§ **About this task**
Quote, word for word, the line containing "Koi Lite Scrubs Set, Size Small" and all lines that follow it to the end of the records, with no pictures.

-.-.-

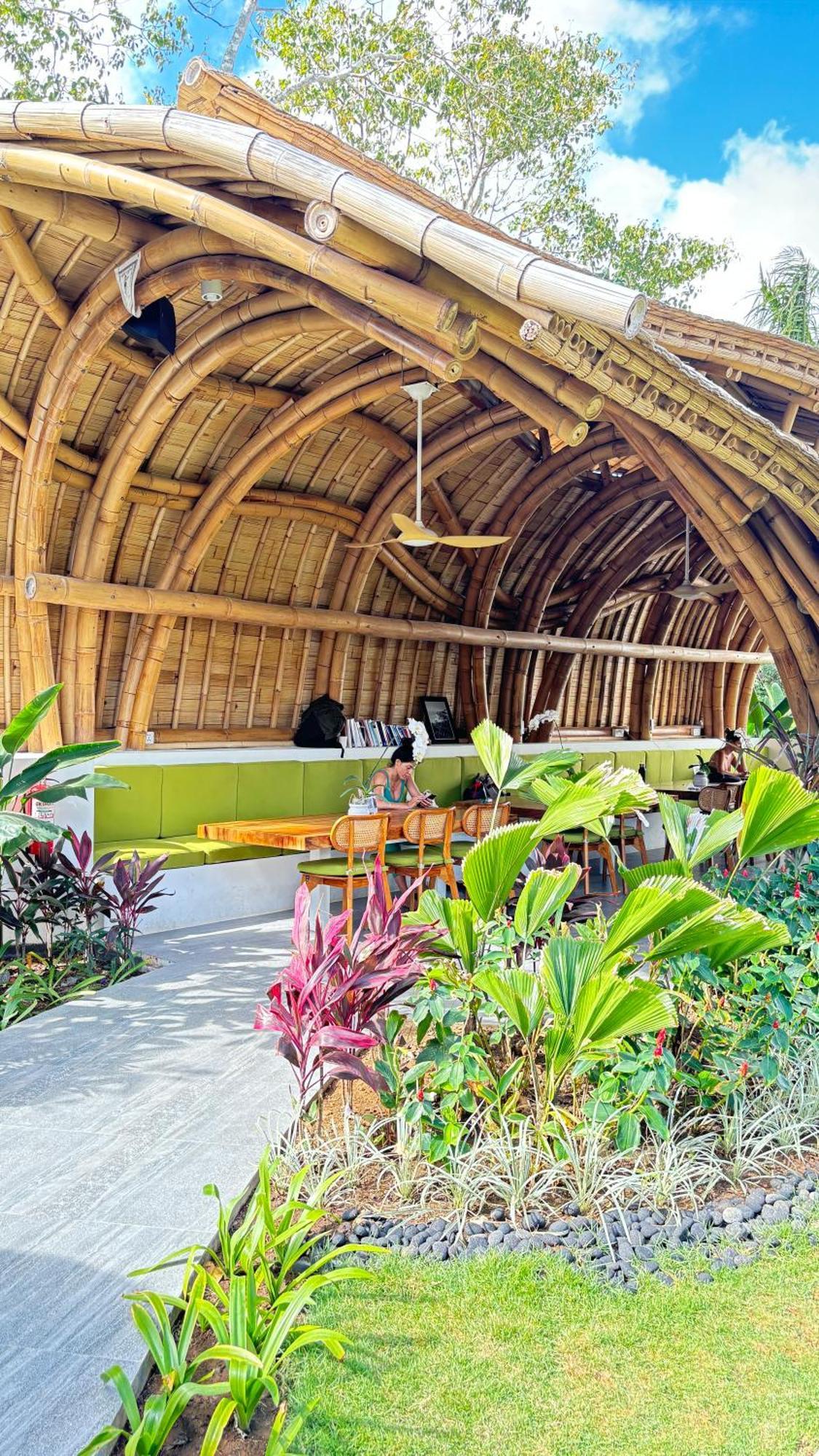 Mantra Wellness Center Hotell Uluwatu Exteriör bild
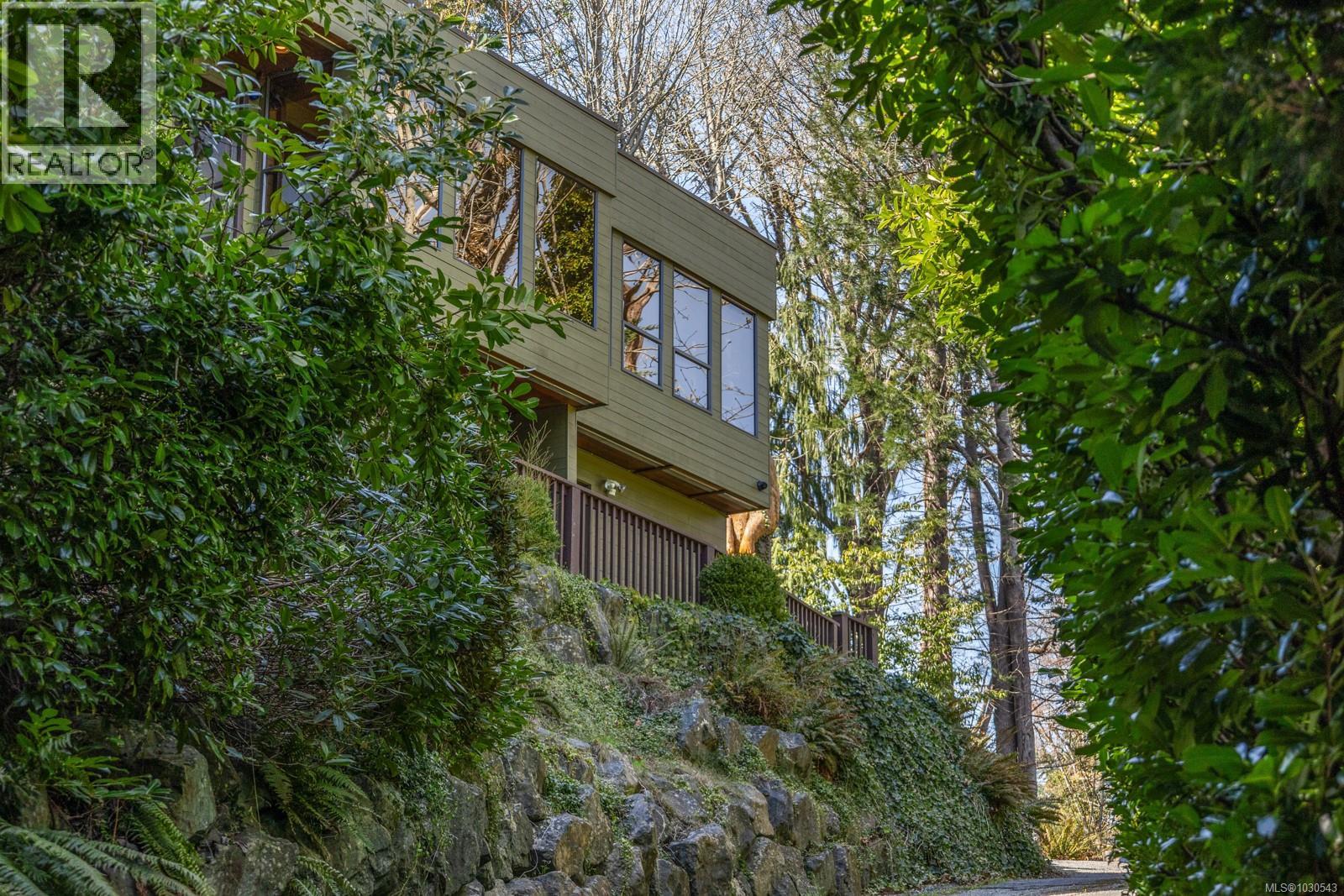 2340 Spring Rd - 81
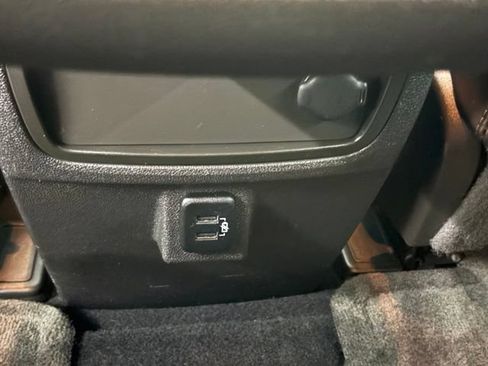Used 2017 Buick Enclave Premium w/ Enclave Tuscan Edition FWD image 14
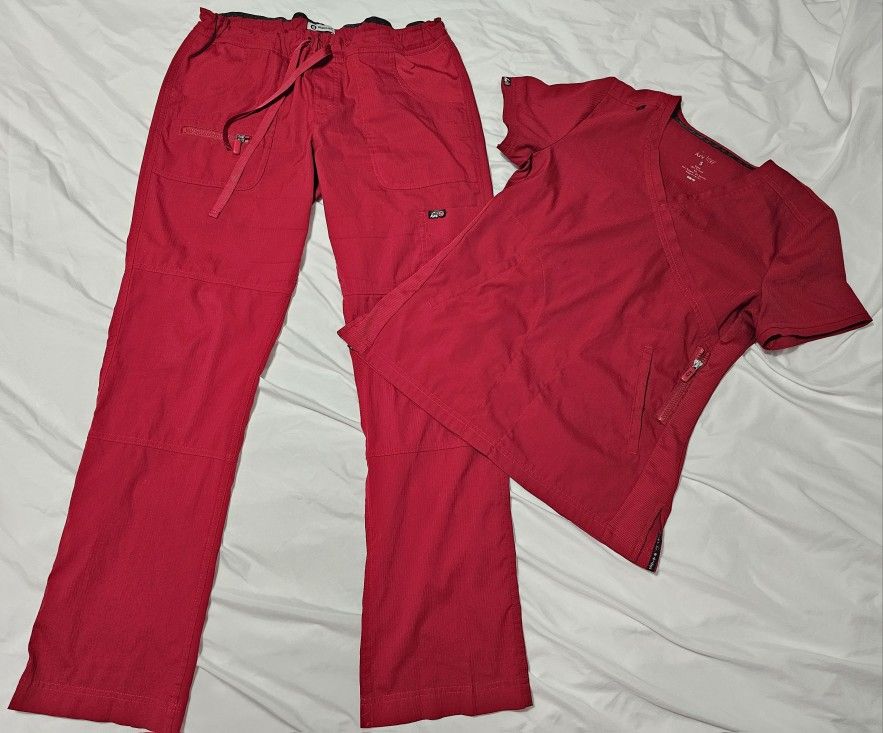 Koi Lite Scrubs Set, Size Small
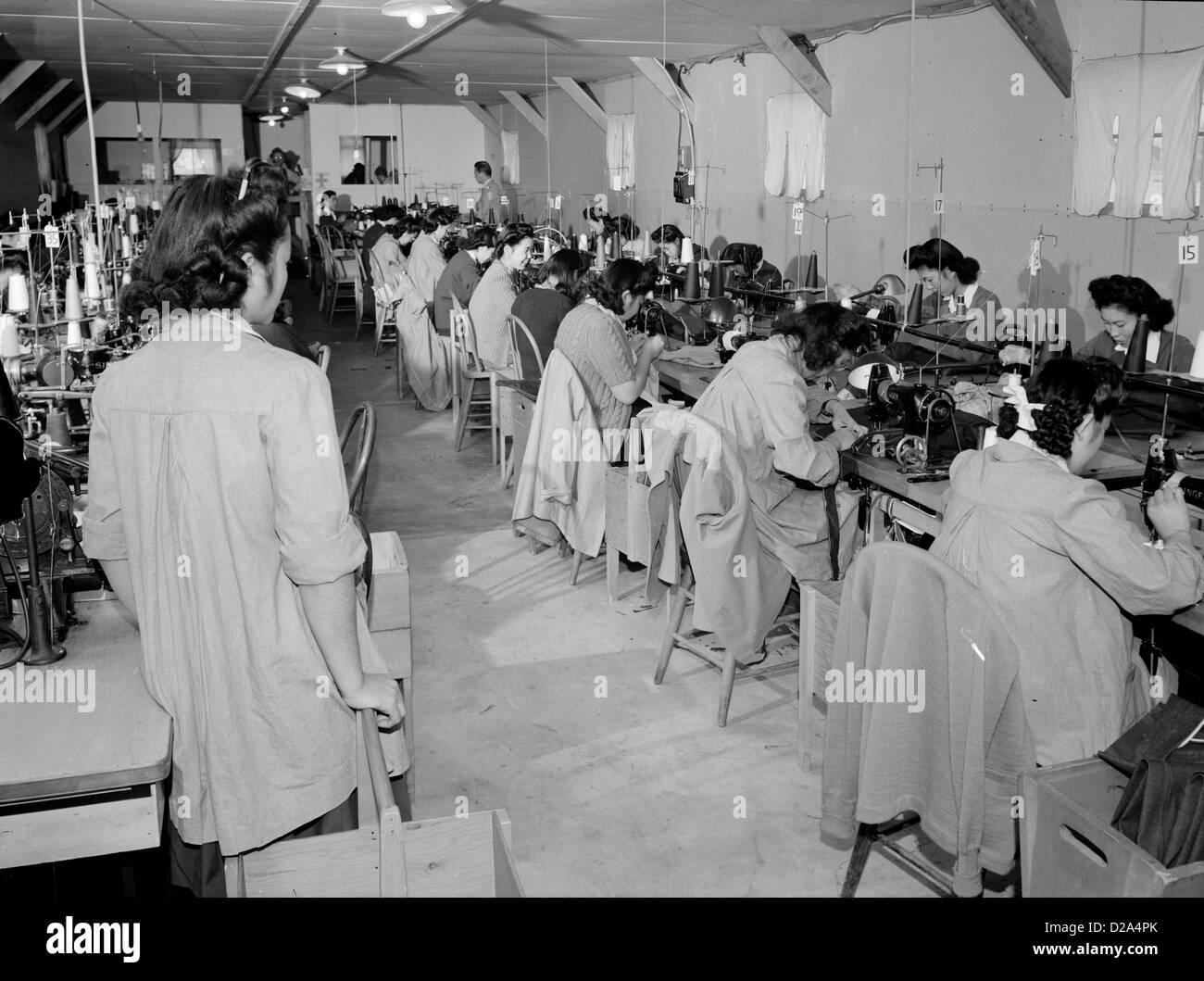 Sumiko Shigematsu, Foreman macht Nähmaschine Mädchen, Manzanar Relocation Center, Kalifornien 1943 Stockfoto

-.-.-

§ **Exercise answer**
 Koi Lite Scrubs Set, Size Small
 Sumiko Shigematsu, Foreman macht Nähmaschine Mädchen, Manzanar Relocation Center, Kalifornien 1943 Stockfoto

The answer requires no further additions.